Algures em Palmela, numa casa de classe média, vivem os pais de Marina Machete, a Miss Portugal.
Não sei nada sobre ele.
Mas sei tudo sobre eles.
Não sei como se chamam, se ela é Maria e ele José, se ela é alta e professora ou se é baixa e trabalha num centro comercial, se ele é trolha ou engenheiro civil.
Mas sei de muito do que têm dentro de si.
Não sei como festejaram a vitória da filha no concurso, se foram jantar fora no dia seguinte, se choraram ou ficaram sem jeito.
Mas sei que festejaram e se orgulharam da sua pequenina Marina que há 28 anos foi batizada com nome de rapaz por ter nascido com uma pilinha.
Não sei como reagiram ao ler as declarações de Joana Amaral Dias, inacreditavelmente psicóloga, desconheço o tamanho da sua revolta, se tentaram fazer alguma coisa ou se se limitaram a encolher os ombros e a seguir em frente.
2.
Algures em Palmela vivem os pais da menina que nasceu com nome de rapaz.
Os pais que a viram desde criança a brincar com as bonecas e as roupinhas da mãe.
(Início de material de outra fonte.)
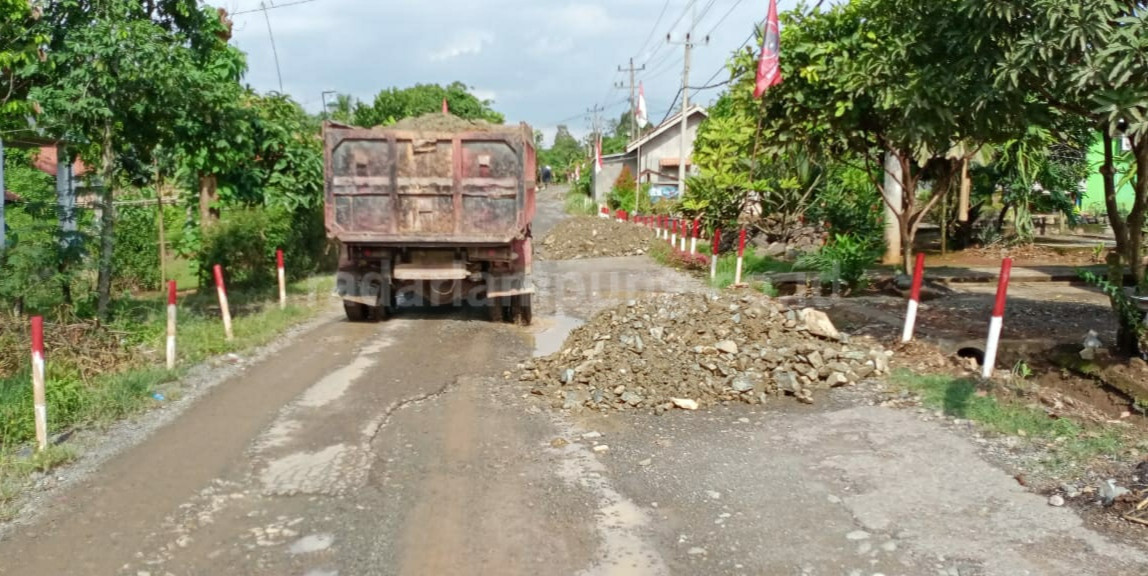 Bertahap, Perbaikan Jalan Penghubung Tegineneng-Lamteng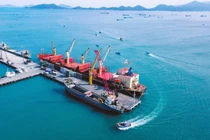 Cảng Cam Ranh bị phạt, truy thu hàng trăm triệu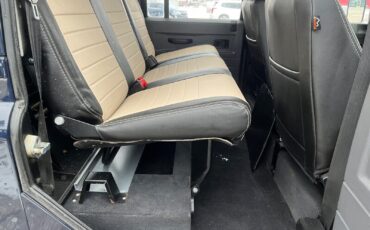 Land-Rover-Defender-1991-Crew-Cab-Pickup-23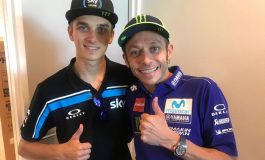 Nyaris! Adik Valentino Rossi Hampir Cetak Sejarah di Moto2 Ceko 2018!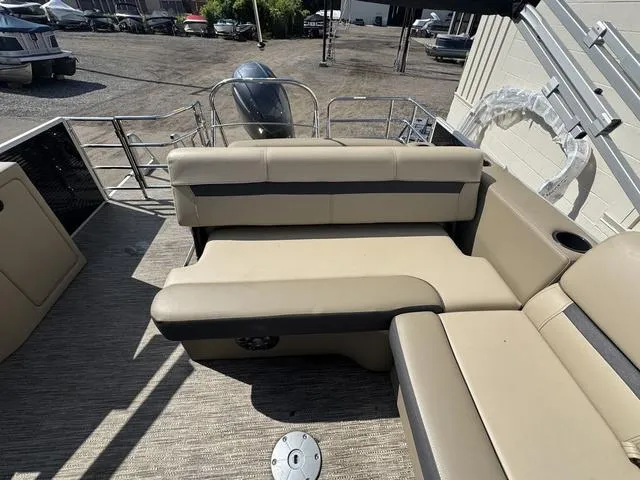 Slide: The Image of Godfrey Sw 2286 SFL TT 2023 - 11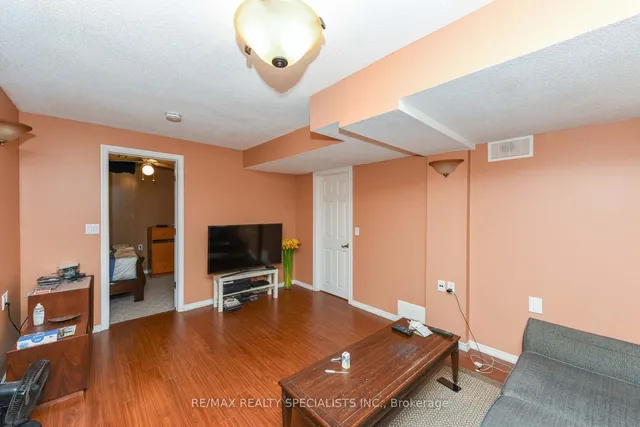 Additional image 33 of 37 Bluffwood Cres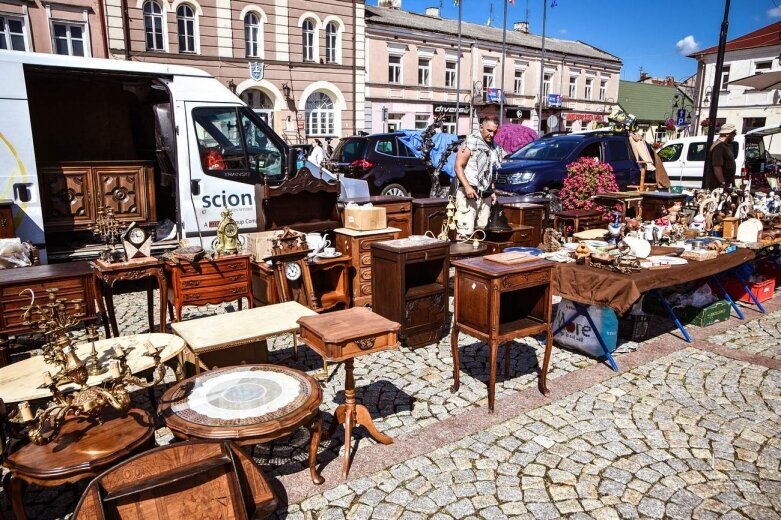  Lipcowy pchli targ w Skierniewicach [ZDJĘCIA] 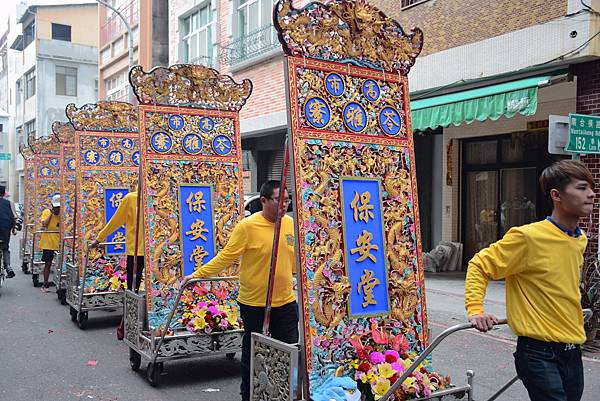 DSC_0403.JPG DSC_0403.JPG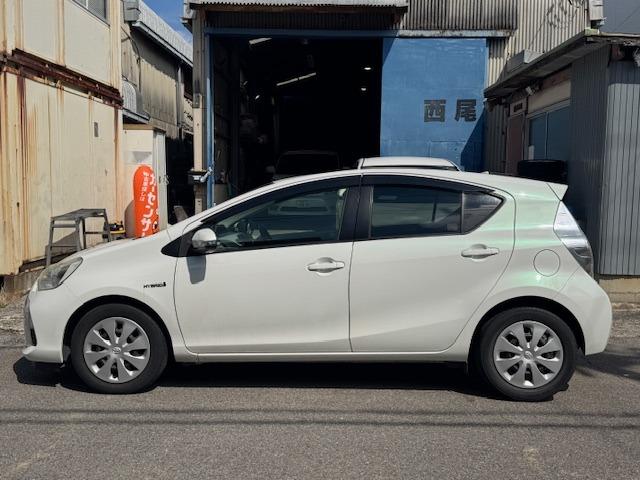 Toyota AQUA 2012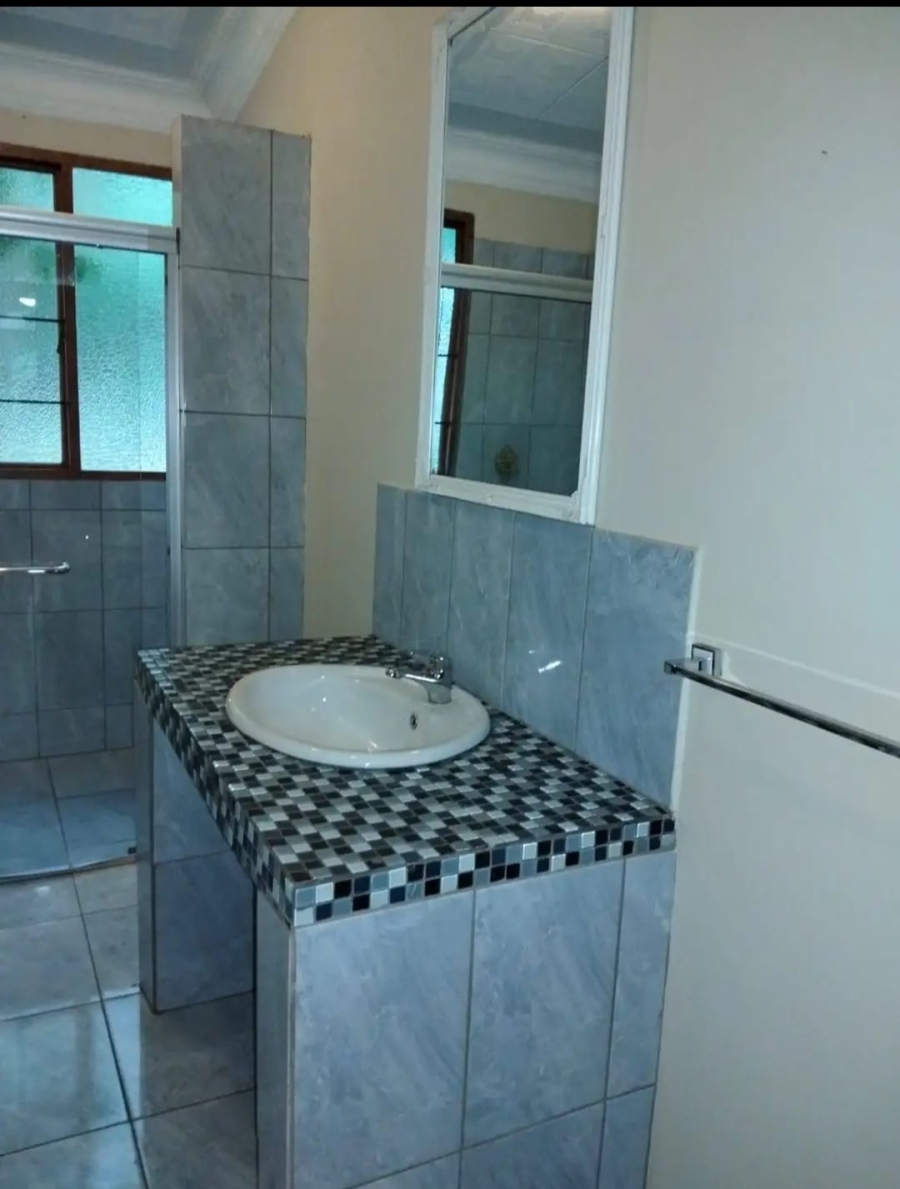 To Let 2 Bedroom Property for Rent in Kensington Gauteng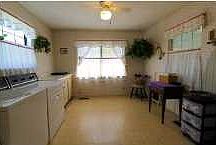 4th image of 1038 Blanton Dr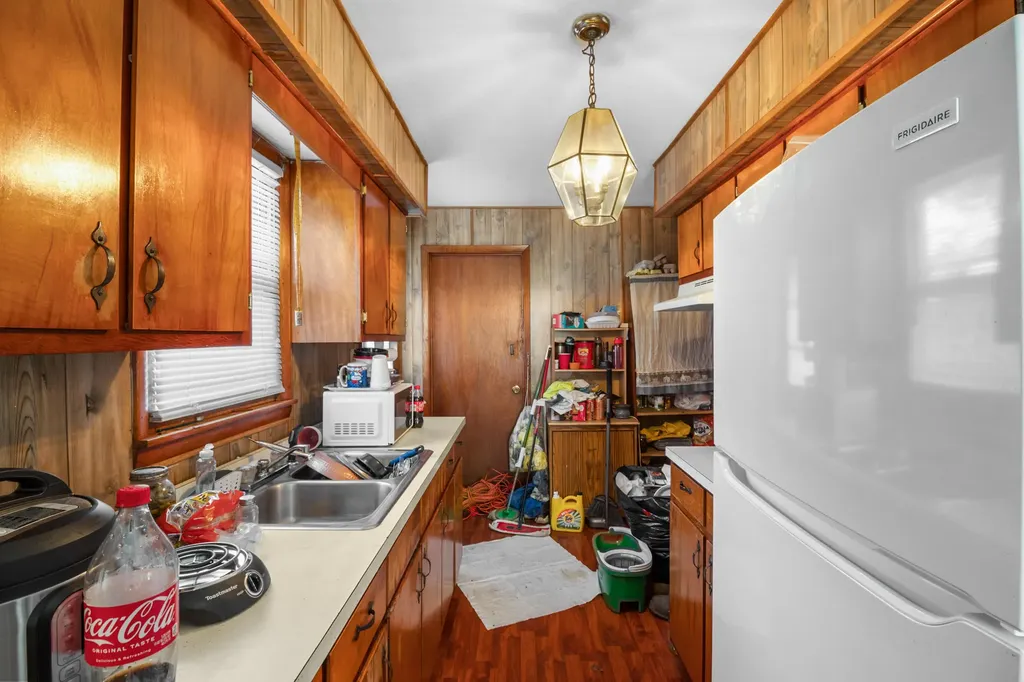 1553 Jackson County High School Road Mckee KY 40447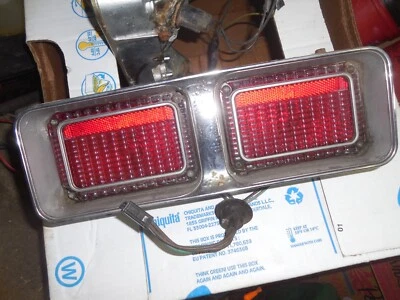 PASSENGER RIGHT TAIL LIGHT ASSEMBLY 1968 DELMONT 88 OLDSMOBILE UNCUT! - Image 1 of 4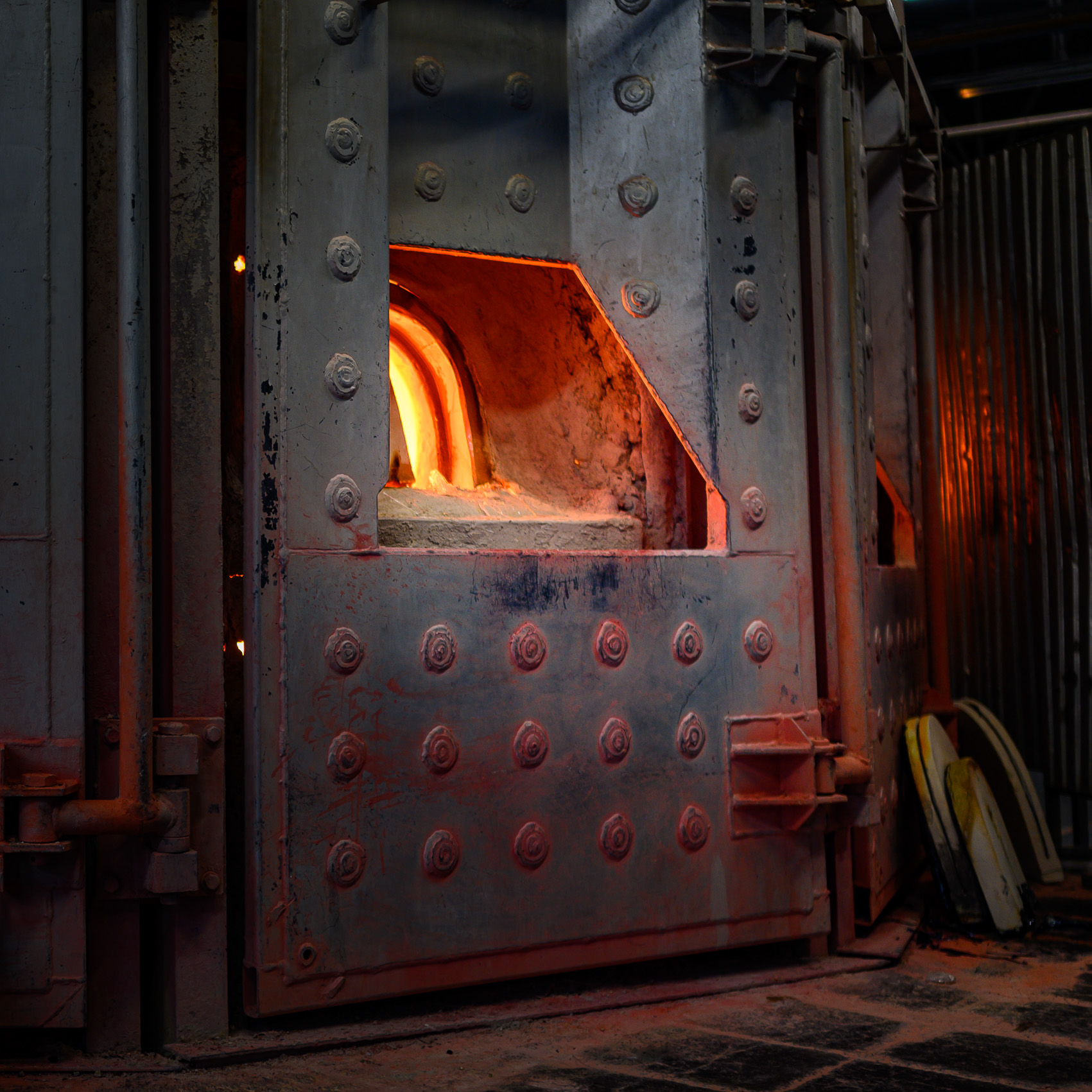 Photographie réalisée dans le cadre d'un reportage corporate à la manufacture Lalique. © Christoph de Barry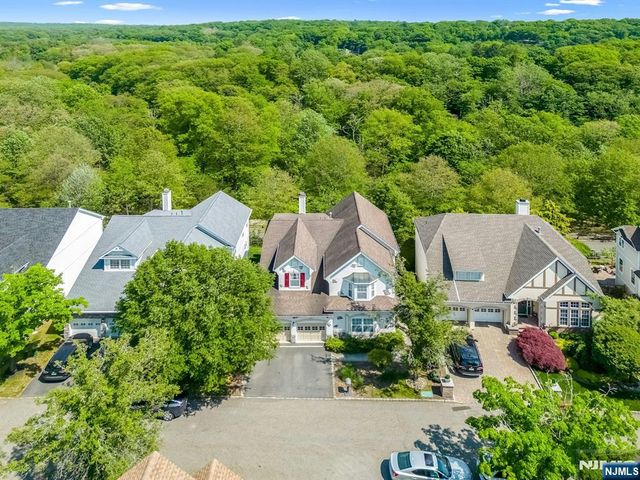 6 Boulder Run, Oakland, NJ 07436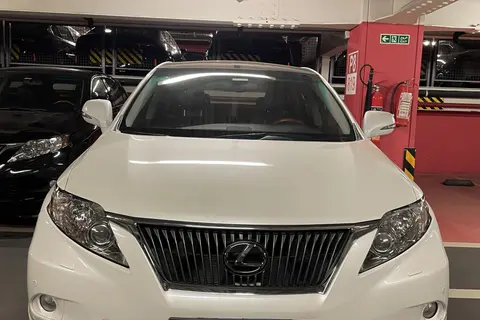 لکسوس، RX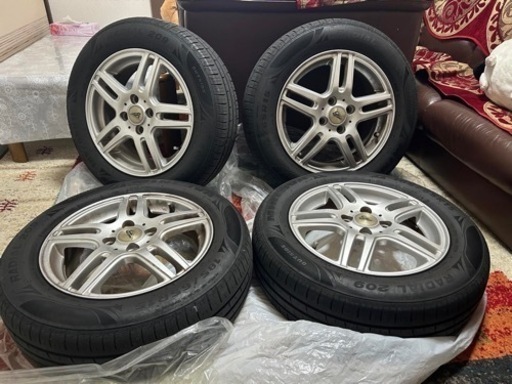 車のパーツ タイヤ、ホイール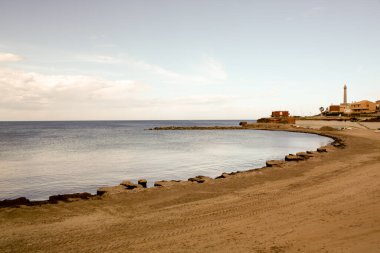 Deniz manzarası ve kumsal.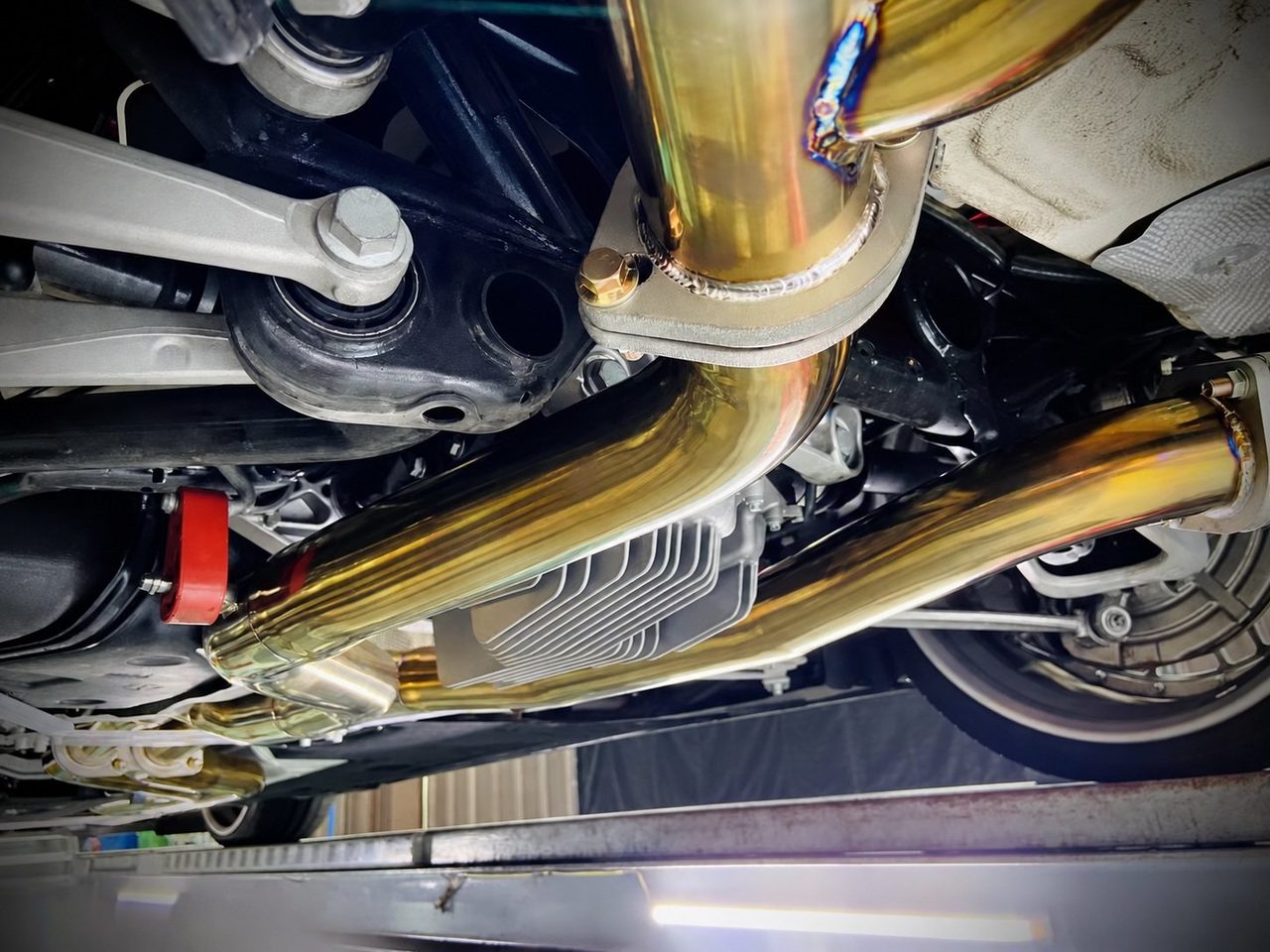 BMW M2C 3.0T Cat-Back aus Titan, Finish gold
Os pais que durante muitos anos ficaram sem saber o que fazer, o que dizer, o que pensar.
Olhavam para o seu filho, mas viam uma menina.
E ela dizia-lhe, disse-lhes sempre a verdade.
Os pais que a viam ir para a Escola Secundária Sebastião da Gama, em Setúbal, que sabiam bem o que ela sofria em muitos fins de tarde, o que chorava em tantas manhãs por ter medo de ser atacada e humilhada.
Os pais que a tiveram de segurar quando foi apedrejada à porta da escola, como li no perfil escrito pela jornalista Raquel Lito, na revista Sábado.
O que a tiveram de conter com os gritos que a sua filha ainda trazia na cabeça
– Paneleiro
– Bicha
– Travesti de merda
3.
Algures em Palmela moram os pais da Marina, orgulhosos da vitória de uma filha que andou tanto para aqui chegar.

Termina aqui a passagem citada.